§ Aim of the task:
Using the listing below, please gather every line containing the word "wall".

§ Entries provided:
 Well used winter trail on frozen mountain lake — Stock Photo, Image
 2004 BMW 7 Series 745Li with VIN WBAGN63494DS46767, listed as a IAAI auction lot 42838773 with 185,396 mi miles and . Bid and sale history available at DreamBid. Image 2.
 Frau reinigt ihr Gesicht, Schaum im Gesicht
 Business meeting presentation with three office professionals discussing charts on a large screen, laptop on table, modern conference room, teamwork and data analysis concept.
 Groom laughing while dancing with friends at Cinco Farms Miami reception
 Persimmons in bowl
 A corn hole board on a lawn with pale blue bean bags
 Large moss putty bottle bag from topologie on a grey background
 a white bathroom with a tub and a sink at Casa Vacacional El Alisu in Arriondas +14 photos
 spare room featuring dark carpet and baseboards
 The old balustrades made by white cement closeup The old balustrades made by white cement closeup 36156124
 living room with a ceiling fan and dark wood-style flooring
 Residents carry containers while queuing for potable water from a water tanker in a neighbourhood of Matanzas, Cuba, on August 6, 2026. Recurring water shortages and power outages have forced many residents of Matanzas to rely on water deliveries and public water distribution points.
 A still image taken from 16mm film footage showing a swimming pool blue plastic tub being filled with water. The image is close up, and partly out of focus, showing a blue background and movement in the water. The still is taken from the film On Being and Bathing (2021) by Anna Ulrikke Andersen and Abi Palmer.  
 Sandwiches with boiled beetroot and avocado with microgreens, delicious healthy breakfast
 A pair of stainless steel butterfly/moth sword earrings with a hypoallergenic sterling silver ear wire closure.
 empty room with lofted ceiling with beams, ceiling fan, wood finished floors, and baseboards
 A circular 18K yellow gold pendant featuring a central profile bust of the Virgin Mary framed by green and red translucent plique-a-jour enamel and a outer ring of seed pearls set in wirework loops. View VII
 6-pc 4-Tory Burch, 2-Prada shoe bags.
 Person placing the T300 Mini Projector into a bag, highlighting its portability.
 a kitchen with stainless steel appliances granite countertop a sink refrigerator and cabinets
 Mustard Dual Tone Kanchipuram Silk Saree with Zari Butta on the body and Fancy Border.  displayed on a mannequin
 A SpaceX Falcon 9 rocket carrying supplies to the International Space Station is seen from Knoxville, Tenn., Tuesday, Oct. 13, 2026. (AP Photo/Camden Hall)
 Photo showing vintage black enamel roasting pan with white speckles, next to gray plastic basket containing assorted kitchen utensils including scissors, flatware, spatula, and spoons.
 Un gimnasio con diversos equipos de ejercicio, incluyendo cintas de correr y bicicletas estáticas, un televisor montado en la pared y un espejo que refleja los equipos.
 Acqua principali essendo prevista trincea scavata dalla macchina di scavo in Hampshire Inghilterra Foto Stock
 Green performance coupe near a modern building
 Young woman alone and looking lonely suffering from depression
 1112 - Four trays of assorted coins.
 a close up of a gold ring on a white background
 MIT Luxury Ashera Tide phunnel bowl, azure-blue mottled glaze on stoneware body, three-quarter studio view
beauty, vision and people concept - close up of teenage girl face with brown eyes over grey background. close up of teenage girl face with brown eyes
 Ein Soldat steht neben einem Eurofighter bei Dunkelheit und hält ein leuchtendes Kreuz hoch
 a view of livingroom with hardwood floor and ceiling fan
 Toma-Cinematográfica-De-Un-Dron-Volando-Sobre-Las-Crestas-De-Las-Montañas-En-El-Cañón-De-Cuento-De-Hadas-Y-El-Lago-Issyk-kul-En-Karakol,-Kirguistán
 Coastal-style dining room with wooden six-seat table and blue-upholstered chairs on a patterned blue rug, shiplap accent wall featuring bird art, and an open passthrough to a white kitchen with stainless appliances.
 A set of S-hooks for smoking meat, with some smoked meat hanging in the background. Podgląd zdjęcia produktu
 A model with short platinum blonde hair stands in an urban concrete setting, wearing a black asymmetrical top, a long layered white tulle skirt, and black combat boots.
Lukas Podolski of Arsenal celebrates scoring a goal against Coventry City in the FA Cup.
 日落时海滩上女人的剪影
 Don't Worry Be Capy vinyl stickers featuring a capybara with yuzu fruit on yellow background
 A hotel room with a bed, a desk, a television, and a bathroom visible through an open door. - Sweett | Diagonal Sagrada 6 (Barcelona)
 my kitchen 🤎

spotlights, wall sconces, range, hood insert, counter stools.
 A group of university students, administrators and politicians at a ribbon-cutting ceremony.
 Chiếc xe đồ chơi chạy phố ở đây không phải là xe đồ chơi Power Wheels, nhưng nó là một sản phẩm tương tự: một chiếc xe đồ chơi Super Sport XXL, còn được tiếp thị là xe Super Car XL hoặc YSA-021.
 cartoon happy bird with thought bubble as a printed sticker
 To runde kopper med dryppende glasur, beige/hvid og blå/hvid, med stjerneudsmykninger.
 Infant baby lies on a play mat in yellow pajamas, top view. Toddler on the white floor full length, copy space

§ Answer for the task:
 Coastal-style dining room with wooden six-seat table and blue-upholstered chairs on a patterned blue rug, shiplap accent wall featuring bird art, and an open passthrough to a white kitchen with stainless appliances.
spotlights, wall sconces, range, hood insert, counter stools.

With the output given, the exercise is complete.